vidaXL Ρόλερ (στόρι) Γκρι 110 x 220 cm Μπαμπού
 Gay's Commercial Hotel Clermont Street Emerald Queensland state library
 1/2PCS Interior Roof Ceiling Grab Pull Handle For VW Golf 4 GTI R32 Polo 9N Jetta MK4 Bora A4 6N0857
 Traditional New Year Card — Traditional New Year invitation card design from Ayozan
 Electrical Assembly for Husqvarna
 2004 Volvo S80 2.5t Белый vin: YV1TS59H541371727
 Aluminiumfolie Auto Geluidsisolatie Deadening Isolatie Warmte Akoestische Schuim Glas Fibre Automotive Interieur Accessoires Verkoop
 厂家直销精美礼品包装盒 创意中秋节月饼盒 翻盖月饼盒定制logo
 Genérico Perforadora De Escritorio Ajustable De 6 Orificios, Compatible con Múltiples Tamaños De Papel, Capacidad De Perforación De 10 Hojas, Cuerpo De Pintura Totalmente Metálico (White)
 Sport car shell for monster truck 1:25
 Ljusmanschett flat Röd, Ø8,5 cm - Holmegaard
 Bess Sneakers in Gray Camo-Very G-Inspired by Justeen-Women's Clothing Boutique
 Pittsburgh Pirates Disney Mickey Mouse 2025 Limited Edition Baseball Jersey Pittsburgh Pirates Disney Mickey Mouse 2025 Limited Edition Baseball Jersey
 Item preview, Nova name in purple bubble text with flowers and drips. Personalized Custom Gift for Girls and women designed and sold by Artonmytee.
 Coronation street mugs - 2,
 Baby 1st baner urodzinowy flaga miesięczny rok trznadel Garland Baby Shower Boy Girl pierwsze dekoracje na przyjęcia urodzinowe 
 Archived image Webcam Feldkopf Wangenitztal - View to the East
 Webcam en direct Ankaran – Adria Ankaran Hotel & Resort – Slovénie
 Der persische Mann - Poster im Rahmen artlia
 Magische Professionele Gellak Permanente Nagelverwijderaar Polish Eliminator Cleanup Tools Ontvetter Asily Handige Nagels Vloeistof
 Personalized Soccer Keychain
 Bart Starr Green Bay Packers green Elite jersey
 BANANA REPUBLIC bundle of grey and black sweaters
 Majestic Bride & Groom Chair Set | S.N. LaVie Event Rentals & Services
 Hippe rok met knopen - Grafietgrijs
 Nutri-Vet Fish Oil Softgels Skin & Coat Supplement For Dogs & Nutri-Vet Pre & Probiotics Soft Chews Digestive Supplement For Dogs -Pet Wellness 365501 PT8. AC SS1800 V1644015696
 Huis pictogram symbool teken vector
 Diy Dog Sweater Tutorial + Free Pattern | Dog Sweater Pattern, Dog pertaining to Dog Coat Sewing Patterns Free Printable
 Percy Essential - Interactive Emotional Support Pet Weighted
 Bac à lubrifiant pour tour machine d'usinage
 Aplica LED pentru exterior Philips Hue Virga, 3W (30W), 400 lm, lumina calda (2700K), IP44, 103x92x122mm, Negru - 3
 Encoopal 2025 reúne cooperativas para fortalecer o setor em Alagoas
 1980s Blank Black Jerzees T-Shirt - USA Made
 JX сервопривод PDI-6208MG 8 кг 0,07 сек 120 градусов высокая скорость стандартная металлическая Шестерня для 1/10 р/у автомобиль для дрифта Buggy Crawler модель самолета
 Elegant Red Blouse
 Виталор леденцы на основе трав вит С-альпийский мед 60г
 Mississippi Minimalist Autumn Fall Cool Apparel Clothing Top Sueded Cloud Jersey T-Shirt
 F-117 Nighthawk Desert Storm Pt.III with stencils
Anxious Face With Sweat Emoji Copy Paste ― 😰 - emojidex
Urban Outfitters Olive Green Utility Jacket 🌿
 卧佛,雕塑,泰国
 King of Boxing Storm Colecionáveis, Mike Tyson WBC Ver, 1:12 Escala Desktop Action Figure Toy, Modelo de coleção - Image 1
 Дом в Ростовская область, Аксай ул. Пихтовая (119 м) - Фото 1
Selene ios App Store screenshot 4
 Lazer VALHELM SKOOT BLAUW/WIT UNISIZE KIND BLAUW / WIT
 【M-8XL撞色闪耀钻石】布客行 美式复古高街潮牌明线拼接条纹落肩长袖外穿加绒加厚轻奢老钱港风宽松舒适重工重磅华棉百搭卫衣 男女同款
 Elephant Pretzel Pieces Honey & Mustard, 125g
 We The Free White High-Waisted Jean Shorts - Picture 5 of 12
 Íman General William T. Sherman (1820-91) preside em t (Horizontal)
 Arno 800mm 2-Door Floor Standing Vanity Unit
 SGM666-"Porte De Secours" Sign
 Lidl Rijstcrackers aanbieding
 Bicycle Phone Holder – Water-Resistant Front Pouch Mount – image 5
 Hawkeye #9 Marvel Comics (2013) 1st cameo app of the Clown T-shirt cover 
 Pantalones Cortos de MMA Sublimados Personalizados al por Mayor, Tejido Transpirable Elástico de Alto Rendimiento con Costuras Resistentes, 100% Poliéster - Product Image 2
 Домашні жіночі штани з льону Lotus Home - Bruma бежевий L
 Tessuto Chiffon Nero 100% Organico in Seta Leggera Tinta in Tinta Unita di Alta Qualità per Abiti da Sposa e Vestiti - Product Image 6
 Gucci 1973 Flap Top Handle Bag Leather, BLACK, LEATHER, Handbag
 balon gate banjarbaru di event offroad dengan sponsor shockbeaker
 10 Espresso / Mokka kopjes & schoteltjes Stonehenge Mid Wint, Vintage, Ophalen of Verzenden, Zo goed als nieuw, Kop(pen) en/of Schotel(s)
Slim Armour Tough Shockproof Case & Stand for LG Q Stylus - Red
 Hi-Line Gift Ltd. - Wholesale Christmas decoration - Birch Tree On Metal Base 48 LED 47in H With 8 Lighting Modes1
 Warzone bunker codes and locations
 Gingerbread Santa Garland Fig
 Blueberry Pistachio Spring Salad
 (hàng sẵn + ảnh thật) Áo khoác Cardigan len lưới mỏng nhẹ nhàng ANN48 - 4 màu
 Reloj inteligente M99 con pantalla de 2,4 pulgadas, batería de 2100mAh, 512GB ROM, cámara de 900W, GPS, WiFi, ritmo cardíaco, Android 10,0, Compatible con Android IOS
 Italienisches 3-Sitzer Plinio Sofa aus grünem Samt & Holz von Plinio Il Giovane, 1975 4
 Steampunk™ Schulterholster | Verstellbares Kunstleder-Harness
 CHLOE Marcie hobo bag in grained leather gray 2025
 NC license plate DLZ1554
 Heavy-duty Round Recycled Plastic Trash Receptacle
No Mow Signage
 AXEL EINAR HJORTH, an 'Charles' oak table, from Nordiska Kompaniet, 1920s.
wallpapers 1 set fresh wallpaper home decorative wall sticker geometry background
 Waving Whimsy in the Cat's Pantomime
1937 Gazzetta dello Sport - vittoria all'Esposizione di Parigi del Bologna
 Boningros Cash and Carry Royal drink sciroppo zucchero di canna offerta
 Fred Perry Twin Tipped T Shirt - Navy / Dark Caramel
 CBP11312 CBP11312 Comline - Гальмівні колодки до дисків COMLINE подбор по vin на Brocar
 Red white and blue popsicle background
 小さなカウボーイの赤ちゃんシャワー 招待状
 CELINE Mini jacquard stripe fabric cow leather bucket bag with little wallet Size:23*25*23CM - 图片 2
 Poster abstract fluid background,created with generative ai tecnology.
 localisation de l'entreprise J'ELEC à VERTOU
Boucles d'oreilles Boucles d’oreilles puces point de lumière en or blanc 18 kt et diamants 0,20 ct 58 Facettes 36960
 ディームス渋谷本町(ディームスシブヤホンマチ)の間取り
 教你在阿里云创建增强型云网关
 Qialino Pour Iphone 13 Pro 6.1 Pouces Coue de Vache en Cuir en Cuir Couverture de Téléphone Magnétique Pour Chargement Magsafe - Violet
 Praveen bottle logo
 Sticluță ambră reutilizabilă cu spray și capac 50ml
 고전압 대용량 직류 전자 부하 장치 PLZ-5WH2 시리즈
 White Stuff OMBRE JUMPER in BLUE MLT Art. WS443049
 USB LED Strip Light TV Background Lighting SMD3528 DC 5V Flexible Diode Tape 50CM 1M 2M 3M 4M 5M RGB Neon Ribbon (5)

+++

**Exercise objective**
All that should be returned is the run of lines from the one with "Boucles d'oreilles Boucles" to the last line of the material above, copied exactly.

**Output of the task**
Boucles d'oreilles Boucles d’oreilles puces point de lumière en or blanc 18 kt et diamants 0,20 ct 58 Facettes 36960
 ディームス渋谷本町(ディームスシブヤホンマチ)の間取り
 教你在阿里云创建增强型云网关
 Qialino Pour Iphone 13 Pro 6.1 Pouces Coue de Vache en Cuir en Cuir Couverture de Téléphone Magnétique Pour Chargement Magsafe - Violet
 Praveen bottle logo
 Sticluță ambră reutilizabilă cu spray și capac 50ml
 고전압 대용량 직류 전자 부하 장치 PLZ-5WH2 시리즈
 White Stuff OMBRE JUMPER in BLUE MLT Art. WS443049
 USB LED Strip Light TV Background Lighting SMD3528 DC 5V Flexible Diode Tape 50CM 1M 2M 3M 4M 5M RGB Neon Ribbon (5)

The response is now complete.